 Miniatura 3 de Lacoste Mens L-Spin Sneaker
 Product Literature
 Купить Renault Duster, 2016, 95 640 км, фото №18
--
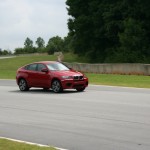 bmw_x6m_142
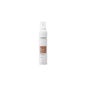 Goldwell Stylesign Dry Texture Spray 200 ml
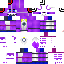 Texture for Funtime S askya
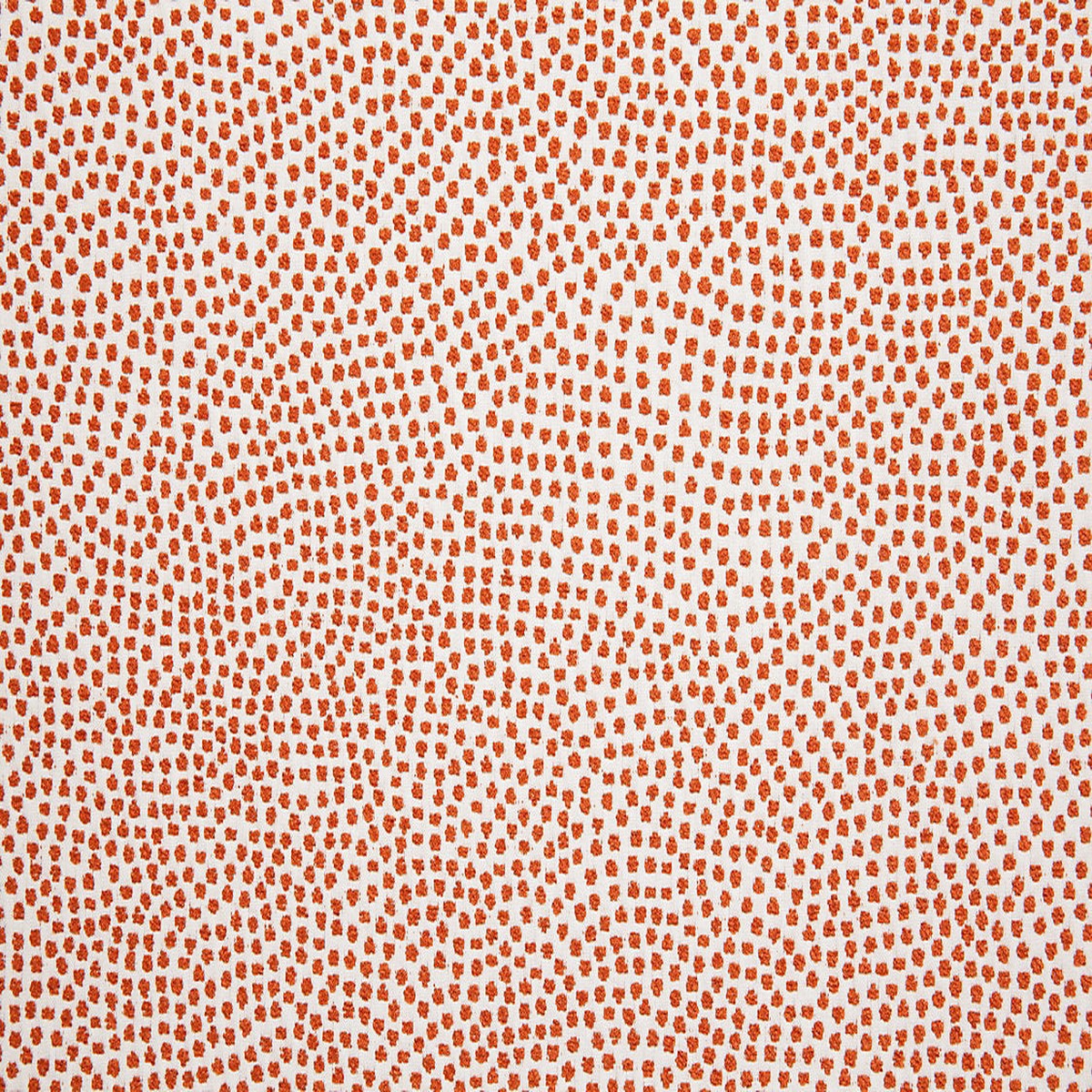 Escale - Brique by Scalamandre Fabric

- [What is needed]:
Reproduce the listing above from the line that holds "Goldwell Stylesign Dry Texture Spray 200 ml" through the line that holds "Escale - Brique by Scalamandre Fabric", both included, with the pictures left out.

- [Task answer]:
 Goldwell Stylesign Dry Texture Spray 200 ml
 Texture for Funtime S askya
 Escale - Brique by Scalamandre Fabric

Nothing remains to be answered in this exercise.